The references in a scientific article are typically unqualified. They're typically indexed by number. You might have 20 references, and it's just a soup of numbers. There might be some correlation with low numbers and whether that reference is prior art or something canonical or seminal in the field or the subfield, just because a low number of the reference might correlate with it being in the intro or motivation section.

But really there's nothing to tell you about that. You don't know what references in an article are saying this is a seminal work in this field, or this is related work versus something like, we used the dataset from this paper, or, this study builds on this study, or this study contradicts this other study. There's nothing in the unqualified numeric indexing of typical references that lets you know about this. So, again, literature references are often just a list rather than something more powerful like key-value pairs. It's more powerful when our references are indexed by nature rather than by number.
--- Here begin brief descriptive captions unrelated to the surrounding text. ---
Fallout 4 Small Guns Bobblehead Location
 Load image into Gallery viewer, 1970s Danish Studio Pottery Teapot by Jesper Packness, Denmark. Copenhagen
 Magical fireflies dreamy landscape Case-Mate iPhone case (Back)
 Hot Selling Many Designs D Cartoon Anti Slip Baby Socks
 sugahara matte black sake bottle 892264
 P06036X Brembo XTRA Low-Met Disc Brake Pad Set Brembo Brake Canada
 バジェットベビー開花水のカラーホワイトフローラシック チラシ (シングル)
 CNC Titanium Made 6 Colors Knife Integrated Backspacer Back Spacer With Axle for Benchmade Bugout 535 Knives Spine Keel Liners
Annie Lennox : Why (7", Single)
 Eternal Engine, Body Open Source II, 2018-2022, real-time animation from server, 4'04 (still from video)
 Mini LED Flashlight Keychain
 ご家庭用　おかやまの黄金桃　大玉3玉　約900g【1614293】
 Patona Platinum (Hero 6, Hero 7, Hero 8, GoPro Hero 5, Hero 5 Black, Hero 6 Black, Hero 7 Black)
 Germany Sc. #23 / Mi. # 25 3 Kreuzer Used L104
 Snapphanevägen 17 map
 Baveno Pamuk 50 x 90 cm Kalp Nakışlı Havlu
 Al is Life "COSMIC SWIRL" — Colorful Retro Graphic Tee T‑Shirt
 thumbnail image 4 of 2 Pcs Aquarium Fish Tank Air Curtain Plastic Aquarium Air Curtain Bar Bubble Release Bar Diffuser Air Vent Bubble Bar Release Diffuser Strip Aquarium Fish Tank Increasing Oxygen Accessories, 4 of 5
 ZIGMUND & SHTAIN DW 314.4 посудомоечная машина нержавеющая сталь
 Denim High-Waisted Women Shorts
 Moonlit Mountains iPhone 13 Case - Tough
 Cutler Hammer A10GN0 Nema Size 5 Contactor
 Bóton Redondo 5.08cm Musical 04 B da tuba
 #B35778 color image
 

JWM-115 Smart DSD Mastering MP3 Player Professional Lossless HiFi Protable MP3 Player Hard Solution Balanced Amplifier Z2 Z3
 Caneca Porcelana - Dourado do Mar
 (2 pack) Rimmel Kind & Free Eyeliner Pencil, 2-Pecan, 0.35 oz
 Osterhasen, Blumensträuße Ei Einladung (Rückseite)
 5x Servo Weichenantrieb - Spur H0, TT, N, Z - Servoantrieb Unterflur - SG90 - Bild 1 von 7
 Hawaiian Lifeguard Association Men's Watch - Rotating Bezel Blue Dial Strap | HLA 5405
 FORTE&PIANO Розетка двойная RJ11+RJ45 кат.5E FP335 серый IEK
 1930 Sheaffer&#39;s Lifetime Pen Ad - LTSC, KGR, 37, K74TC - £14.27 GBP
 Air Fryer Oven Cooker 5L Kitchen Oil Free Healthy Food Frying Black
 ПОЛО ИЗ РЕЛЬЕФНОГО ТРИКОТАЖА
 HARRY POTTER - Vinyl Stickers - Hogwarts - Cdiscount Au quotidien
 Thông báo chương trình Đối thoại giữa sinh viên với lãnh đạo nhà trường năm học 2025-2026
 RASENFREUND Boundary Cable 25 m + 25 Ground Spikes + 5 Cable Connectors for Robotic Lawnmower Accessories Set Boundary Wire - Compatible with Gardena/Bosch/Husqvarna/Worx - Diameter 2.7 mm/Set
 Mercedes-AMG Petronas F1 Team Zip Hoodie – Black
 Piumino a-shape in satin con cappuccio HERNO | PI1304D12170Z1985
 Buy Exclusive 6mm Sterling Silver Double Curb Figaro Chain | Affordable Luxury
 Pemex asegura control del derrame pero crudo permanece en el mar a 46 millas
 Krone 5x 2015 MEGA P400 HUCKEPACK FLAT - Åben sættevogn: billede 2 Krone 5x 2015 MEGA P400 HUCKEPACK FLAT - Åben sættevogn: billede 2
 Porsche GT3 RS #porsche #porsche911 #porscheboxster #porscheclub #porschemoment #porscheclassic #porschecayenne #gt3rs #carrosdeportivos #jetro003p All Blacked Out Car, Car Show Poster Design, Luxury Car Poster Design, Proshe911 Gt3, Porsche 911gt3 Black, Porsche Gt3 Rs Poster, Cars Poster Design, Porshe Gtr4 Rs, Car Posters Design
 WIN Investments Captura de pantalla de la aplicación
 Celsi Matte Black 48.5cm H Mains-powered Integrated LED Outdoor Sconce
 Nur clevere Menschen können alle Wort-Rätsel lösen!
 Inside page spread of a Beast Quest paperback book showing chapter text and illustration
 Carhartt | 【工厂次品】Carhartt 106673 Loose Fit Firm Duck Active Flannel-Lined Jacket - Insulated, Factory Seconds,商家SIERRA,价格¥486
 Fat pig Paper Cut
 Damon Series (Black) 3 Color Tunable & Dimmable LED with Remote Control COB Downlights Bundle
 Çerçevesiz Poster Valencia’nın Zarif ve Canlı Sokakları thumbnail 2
Another example is with webpages. You typically have unqualified links, or rather, they're vaguely, ambiguously qualified. So with webpages, there might be some hint in the text that the webpage author placed between the opening and closing anchor tag for a given link. This text is often colored blue and/or underlined by default. It's usually highlighted.

But is that text labeling the end target of the link? Is it labeling the link itself, the relationship between the current page and the target? Who knows. This is not qualified.

If you look at a table of data, each row has a bunch of links to values, you might say. And they're qualified by the column identity. Imagine if you had a table with five columns and you just put your hand over the column labels at the top of the table. And so you just knew that there were five values per row, and they're all associated with the row ID, but they're not really qualified. It's useful to have qualified cell values.

That'll be it for today. I'm Donny Winston, and I hope you join me again next time for Machine-Centric Science.